US will impose more sanctions on Russia over Syria
The United States will impose new sanctions on Russia over an alleged chemical attack by the Syrian government, US Ambassador to the United Nations Nikki Haley said on Sunday.
Haley said the sanctions, to be announced on Monday by Treasury Secretary Steve Mnuchin, will target companies that supplied Damascus with equipment and other material related to chemical weapons.
"You will see that Russian sanctions will be coming down.
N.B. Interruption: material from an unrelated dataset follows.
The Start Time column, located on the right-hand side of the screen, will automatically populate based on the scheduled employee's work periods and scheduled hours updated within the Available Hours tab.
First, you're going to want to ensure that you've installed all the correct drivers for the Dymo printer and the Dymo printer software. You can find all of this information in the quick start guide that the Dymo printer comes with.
Secretary Mnuchin will be announcing those on Monday, if he hasn't already," Haley said in an interview with CBS's "Face the Nation".
The move follows air strikes by US, French and British forces in retaliation for an alleged Syrian chemical weapons attack on 7 April in Douma, a formerly rebel-held town near Damascus, in which more than 40 people were killed.
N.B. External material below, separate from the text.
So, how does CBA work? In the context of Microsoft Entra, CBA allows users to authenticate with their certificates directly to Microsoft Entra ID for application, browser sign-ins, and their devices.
In an apparent response to Haley, a senior Russian lawmaker warned on Sunday that new sanctions will hurt the US and Europe more than Moscow.
Evgeny Serebrennikov, deputy head of the defence committee of Russia's upper house of parliament, said Moscow was ready for the new penalties.
"They are hard for us, but will do more damage to the USA and Europe," RIA news agency quoted Serebrennikov as saying.
US military officials said the air strikes early on Saturday in Syria took out "the heart" of Syria's residual chemical weapons capability.
The strikes sought to avoid contact with Russian forces in the country.
But US officials have blamed Russia for failing to rein in its Syrian ally, as the guarantor of a 2013 agreement to dismantle Syria's chemical weapons.
That agreement was brokered by Moscow to avert retaliatory US strikes in the wake of a sarin gas attack in the rebel-held Eastern Ghouta suburbs of Damascus in August 2013 that reportedly killed more than 1,400 civilians.
Damascus has denied responsibility for all gas attacks.
"I think everyone knows that we sent a strong message and our hope is that they listen to it," Haley said of the air strikes.
"With the political and diplomatic actions that we're taking now, we wanted ... Iran and Russia to know that we meant business and that they were going to be feeling the pain from this as well."